普段は小説やノンフィクションしか読まないのだけれど、最近自分が思っていることが、知らず知らずのうちに差別的な考えになっているんじゃないかと不安に感じることがあって、それならば、何が差別で何がそうででないのか専門家に聞いてみよう、と思いたって図書館から借りてきた

「ステレオタイプ」=集団によく見られる性質を、集団に属する個々のメンバーにも当てはめること
「偏見」=「ステレオタイプ」によって、好き、嫌い、不安、恐怖などの感情を持つこと
「差別」=「偏見」をもとに行動し、相手に不利益をもたらすこと
きちんとした定義に基づくと、自分が感じている不安や避けたいと思う感情が偏見なのか、正当なものなのか見分けがつく

ステレオタイプな認識による行動は、必ずしもマイナス面ばかりではない。
「子どもは無鉄砲」というステレオタイプによって、路上で子どもが遊んでいるのを見ると、飛び出すんじゃないかという危険予知が働き、咄嗟に子どもの飛び出しを防ぐことができる場合もある。
人が動物として備えている生存本能は「得体の知れない」未知のものには恐怖と不安を感じるようにできている。

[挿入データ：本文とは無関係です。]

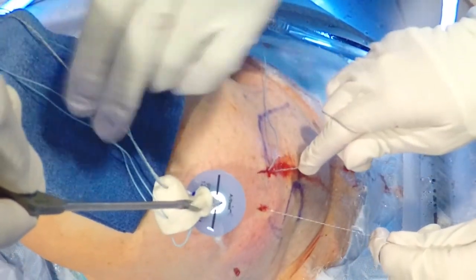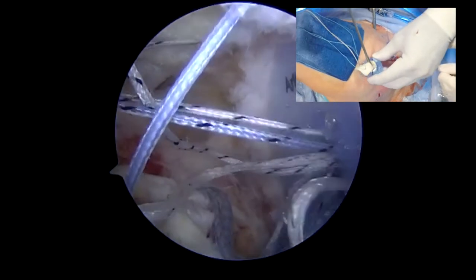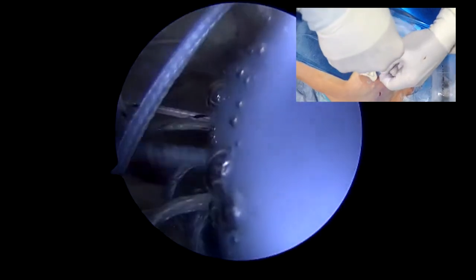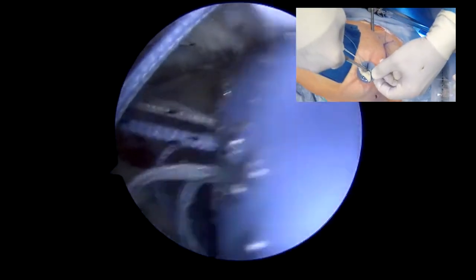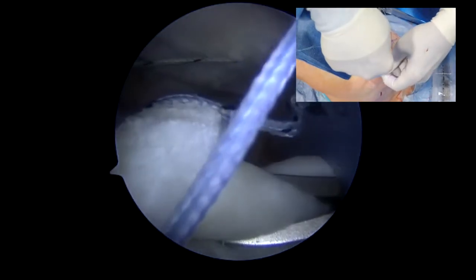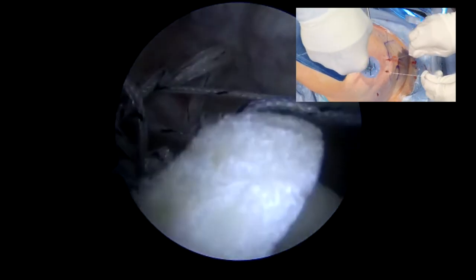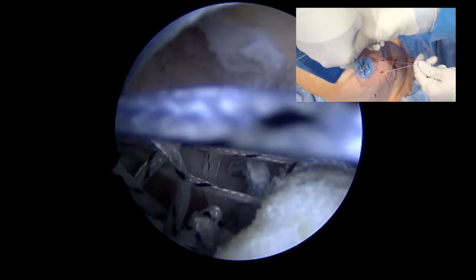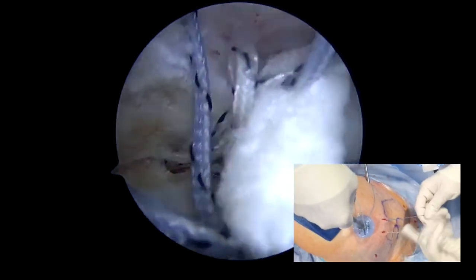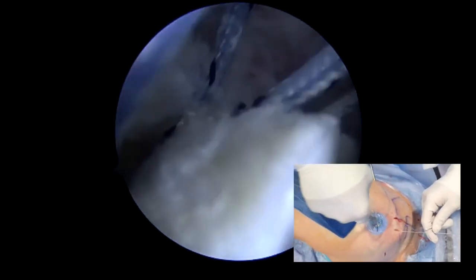Now we will grab the dermal allograft — this is done with a heavy needle holder — and we will fold it, like a New York hot dog, and pass it manually through that portal, pulling on the sutures to maintain tension. That's the most medial aspect of that allograft, and we are taking up the slack with the sutures and then bringing it down to the superior glenoid rim.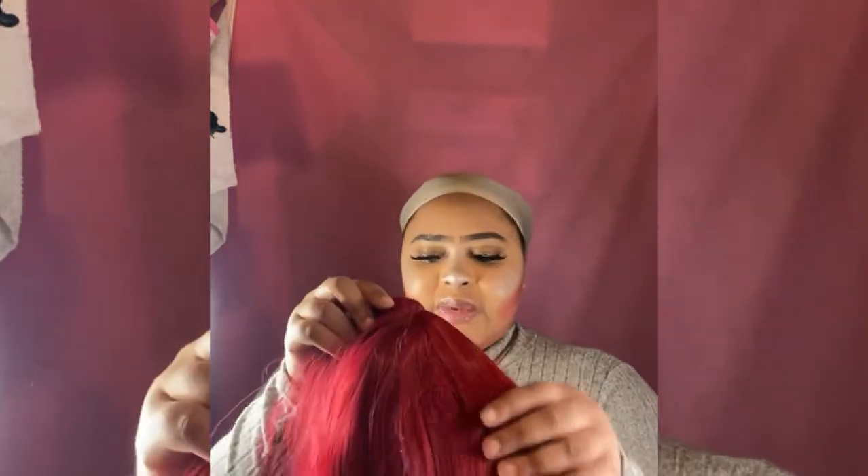All right, are you ready for wig number one? Let's get it! Okay, so the first wig I'm gonna do is this red wig — I'm gonna start with this red wig.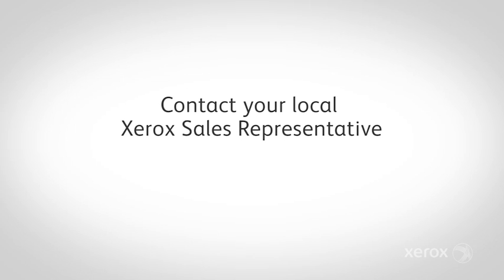As you can see, the Brenva is the most advanced cut-sheet inkjet press on the market. If you're interested in inkjet, you owe it to yourself to come take a look. Talk to your Xerox sales representative to begin that process.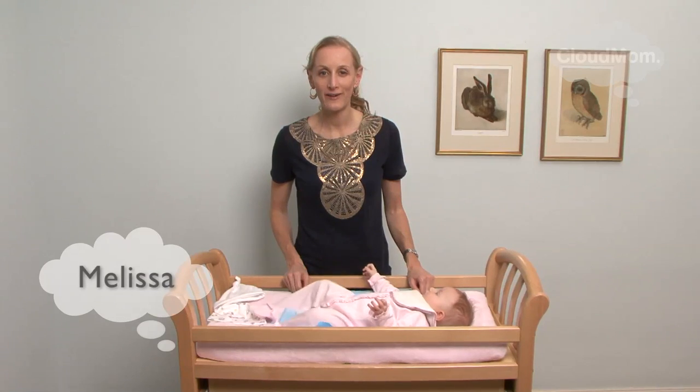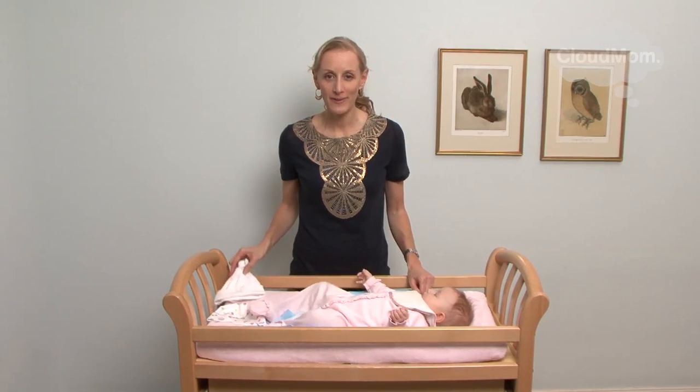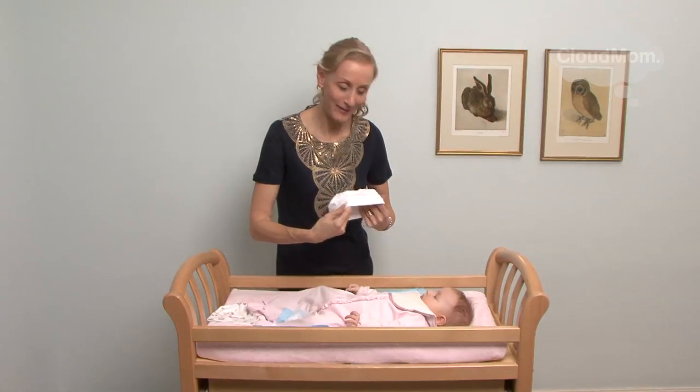In this video I'm going to show you how you can put on your baby's hat. When you want to put on your baby's hat, take your fingers and spread them around the inside of your hat. Approach your little baby.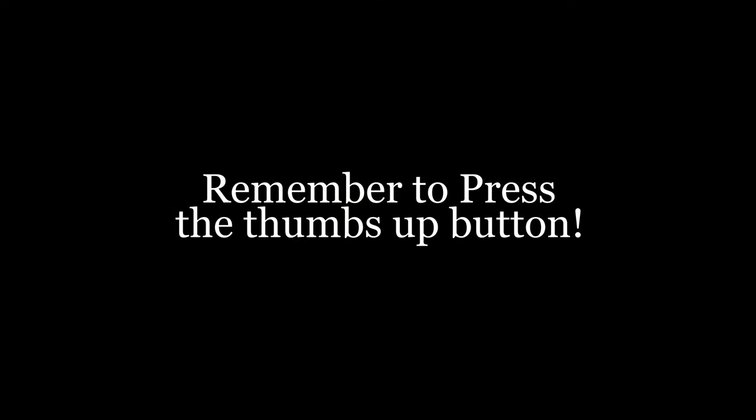If you find these time-saving tips to be valuable, remember to press the thumbs up button — it really helps my channel to reach more people.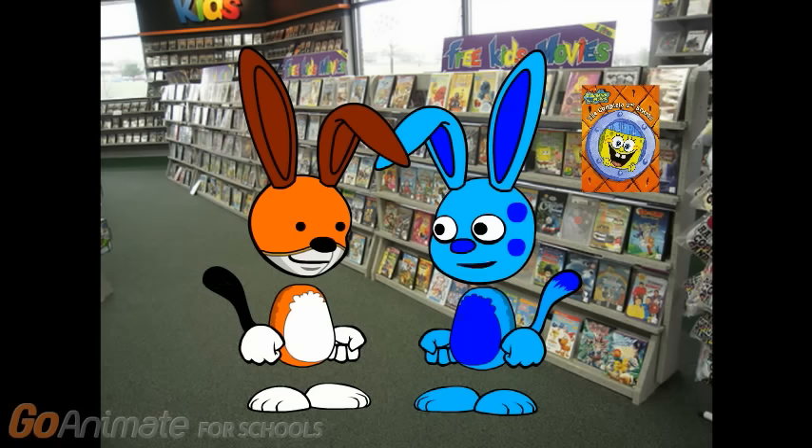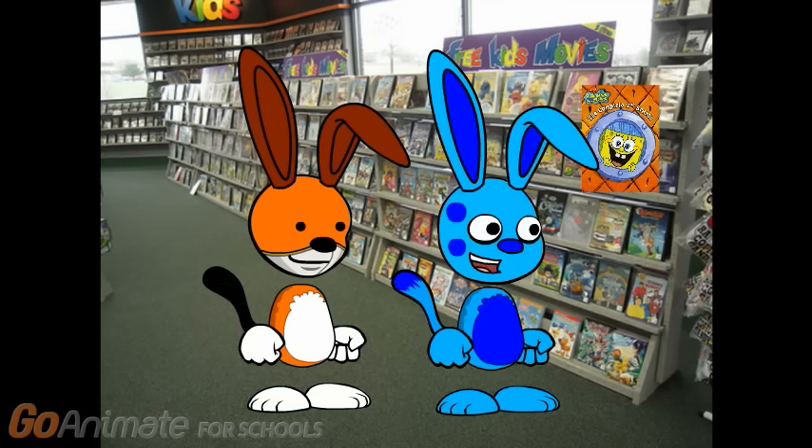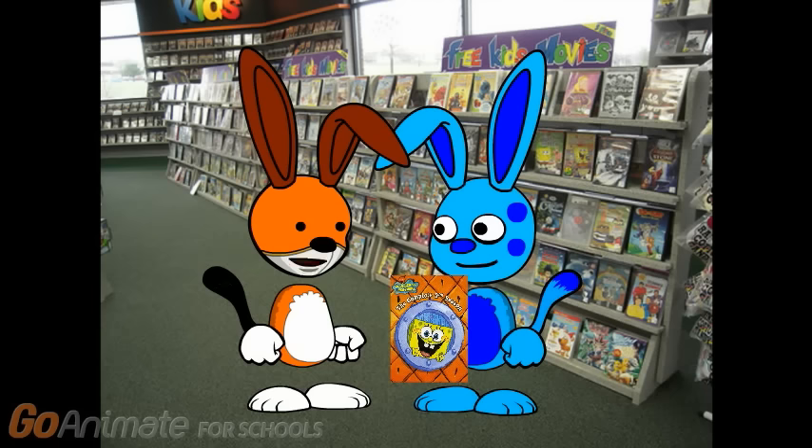Just right in this section. They do have the season 2 collection. Let's go rent it.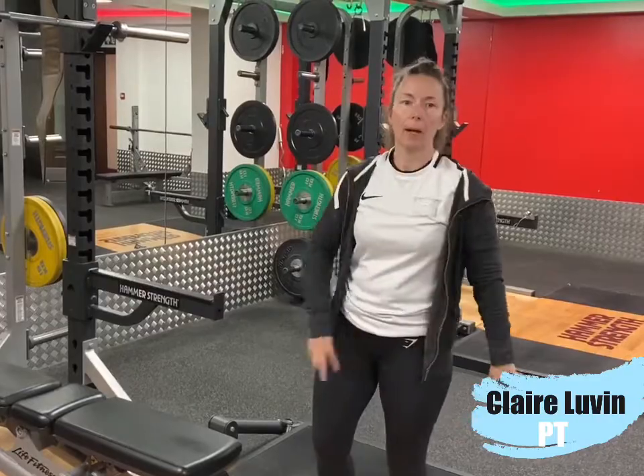I want you to do three sets of six to ten reps, two to three times a week. When you can do three sets of ten, move on to step number three.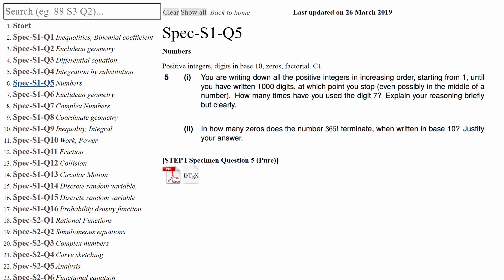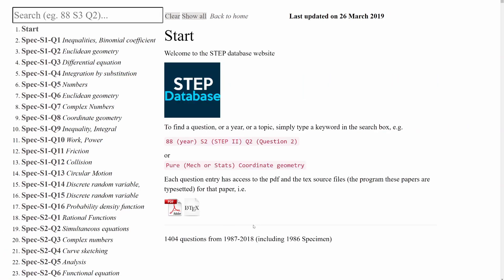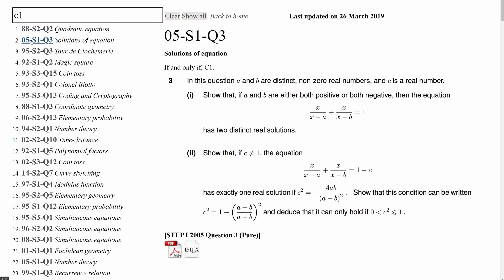The biggest available resource for STEP is the sheer number of past paper questions. STEP started in 1987 and there are about 1,400 questions to date — a lot of practice if each takes half an hour. You won't get through all of them, but the STEP database will really help. On it you can see every single question, and each is keyworded with the content and the old A-level specification. For example, search C1 and it shows all STEP questions relying only on that content. It can also search the content of the question itself — search 'penguins' and it will show you the one STEP question ever written about penguins.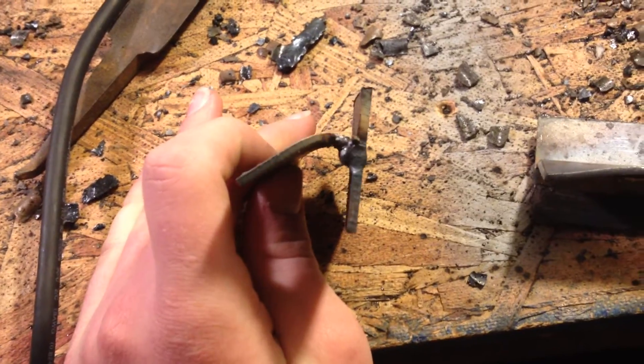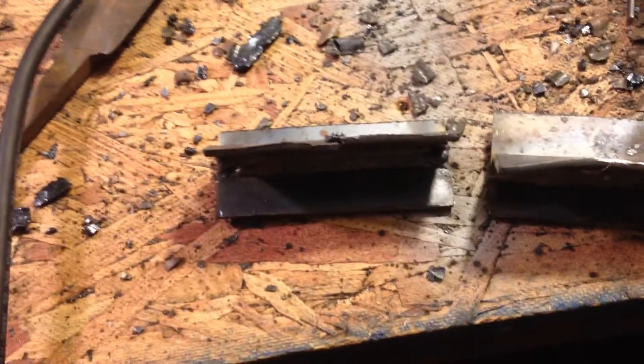My little welding experiment. Next time I might go with some thicker metal. I'm working with 3/32 rods, both at 75 amps, which is maxing out my little flux welder down there, which you can barely see — it's like a $280 welder.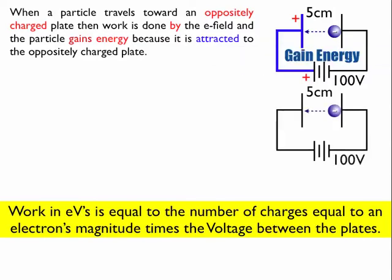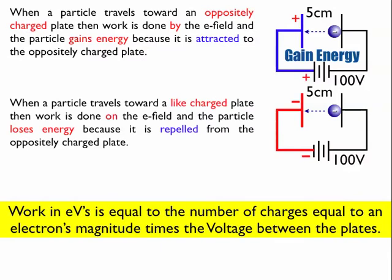Now if I flip the battery over, the plate on the left connects to the negative side of the battery. This means my negative charge is traveling towards a negatively charged plate, so instead of gaining energy, it's actually going to lose energy. If it's going to make it across the two plates and it's going to lose 300 eV, then it has to enter from the right with at least 300 eV of energy, or it won't make it across.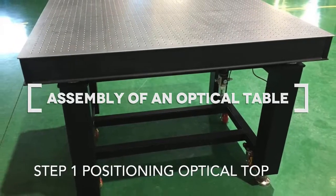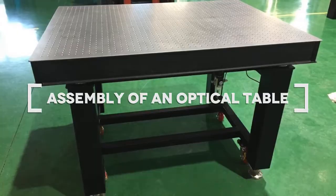In this video we will show you how you can easily assemble an optical table after shipping.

分かり易い解説に、なるほど、と思いながらも、こういう偏見や差別にいかに人がたやすく陥ってしまって、しかも、本人がそれに気づいてすらいない、というのが怖い

ステレオタイプを元にした発言は色んな場面で目にするけど、問題となるようなケースでも、本人は、そういうつもりはなかった、という無自覚なものが目につく

そういうつもりで言ったのだったら完全にクレイジーだし、つもりがあろうがなかろうが、それを言っちゃあダメだろう、とは思うものの、この無自覚な偏見や認知バイアスは、あたかも、その人がそれをずっと前から求めていたかのように、驚くほどするっと人の心に滑り込んでくる

コンパクトな中に、基本的なメカニズムから最新の成果まで幅広く取り扱っていて、偏見や差別の問題を概観するのにぴったり

在日コリアンへのヘイトクライム、外国人労働者受け入れを巡る議論、ロシア人へのSNS上の「帰れ」発言、LGBTQ+に対する偏見、など何かと話題になる中、きちんとした自分なりの線引きができる物差しを持つことはとても大事なこと

ステレオタイプや偏見は(ある意味で)人に必要なバリアには違いない。
だから、道義的な「偏見や差別はなくしましょう」というスローガンだけで解決できる問題ではない。